Keras API#
In this guide, you’ll learn how to use the Keras API.
Visit the API reference |
---|
This document guides you through training a Keras model in Determined. You need to implement a trial
class that inherits TFKerasTrial
and specify it as the entrypoint in the
Experiment Configuration Reference.
To learn about this API, you can start by reading the trial definitions in the Iris categorization example.
Load Data#
Note
Before loading data, visit Prepare Data to understand how to work with different sources of data.
Loading data is done by defining build_training_data_loader()
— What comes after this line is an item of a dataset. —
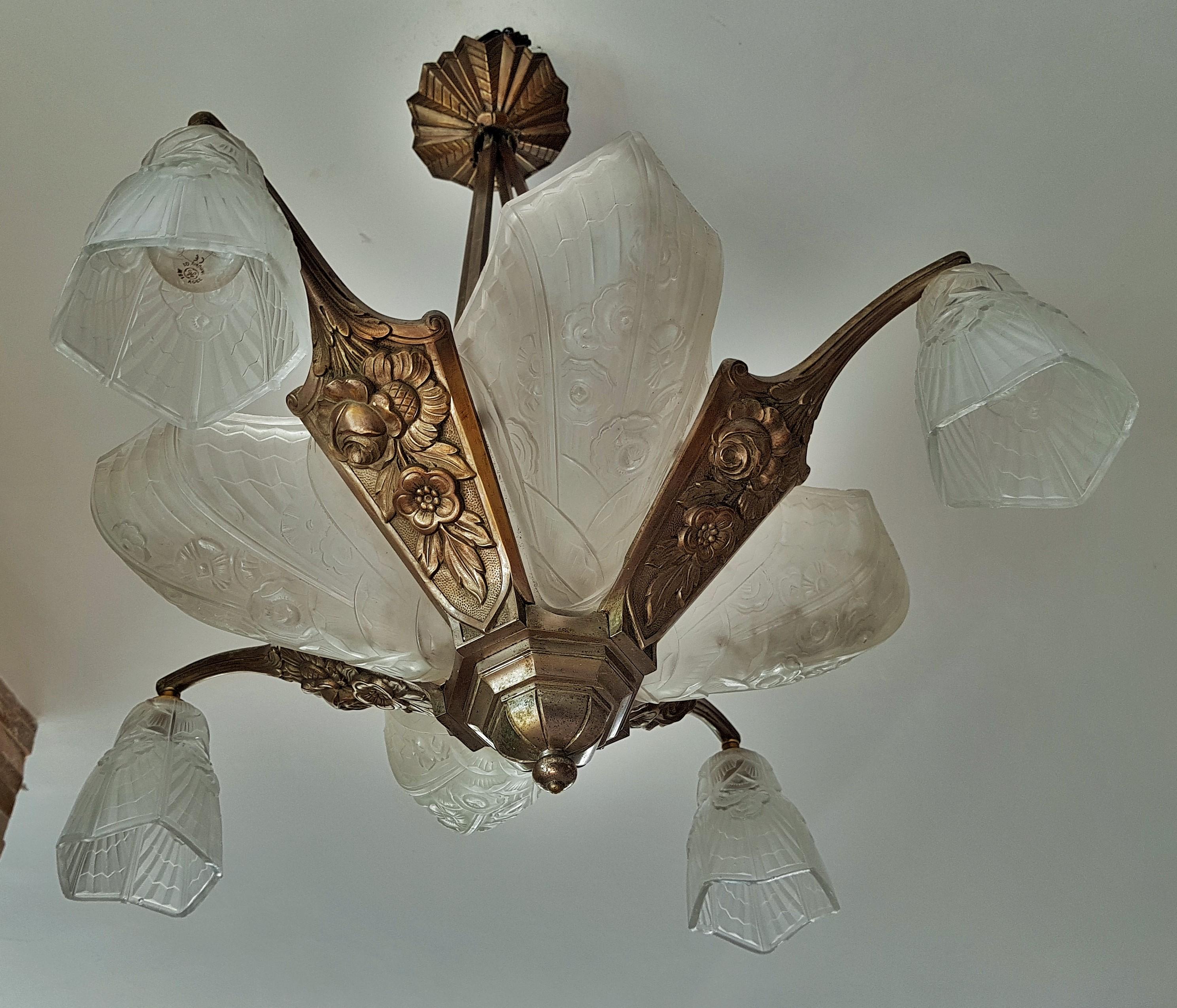 Art Deco Chandelier by Degue, France, 1930 5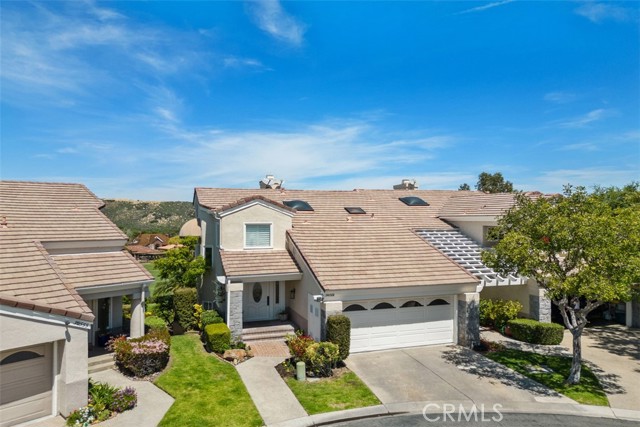 Detail Gallery Image 2 of 54 For 38551 Lochinvar Ct, Murrieta,  CA 92562 - 2 Beds | 2/1 Baths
and build_validation_data_loader()
methods. Each should return
one of the following data types:
A tuple
(x, y)
of NumPy arrays. x must be a NumPy array (or array-like), a list of arrays (in case the model has multiple inputs), or a dict mapping input names to the corresponding array, if the model has named inputs. y should be a numpy array.A tuple
(x, y, sample_weights)
of NumPy arrays.A
tf.data.dataset
returning a tuple of either (inputs, targets) or (inputs, targets, sample_weights).A
keras.utils.Sequence
returning a tuple of either (inputs, targets) or (inputs, targets, sample weights).
If using tf.data.Dataset
, users are required to wrap both their training and validation dataset
using self.context.wrap_dataset
. This
wrapper is used to shard the dataset for distributed training. For optimal performance, users should
wrap a dataset immediately after creating it.
Note
To learn more about distributed training with Determined, visit the conceptual overview or the intro to implementing distributed training.
Define the Model#
Users are required wrap their model prior to compiling it using self.context.wrap_model
. This is typically done inside
build_model()
.
Customize Calling Model Fitting Function#
The TFKerasTrial
interface allows the user to configure how model.fit
is called by calling self.context.configure_fit()
.
Checkpointing#
A checkpoint includes the model definition (Python source code), experiment configuration file, network architecture, and the values of the model’s parameters (i.e., weights) and hyperparameters. When using a stateful optimizer during training, checkpoints will also include the state of the optimizer (i.e., learning rate). You can also embed arbitrary metadata in checkpoints via a Python SDK.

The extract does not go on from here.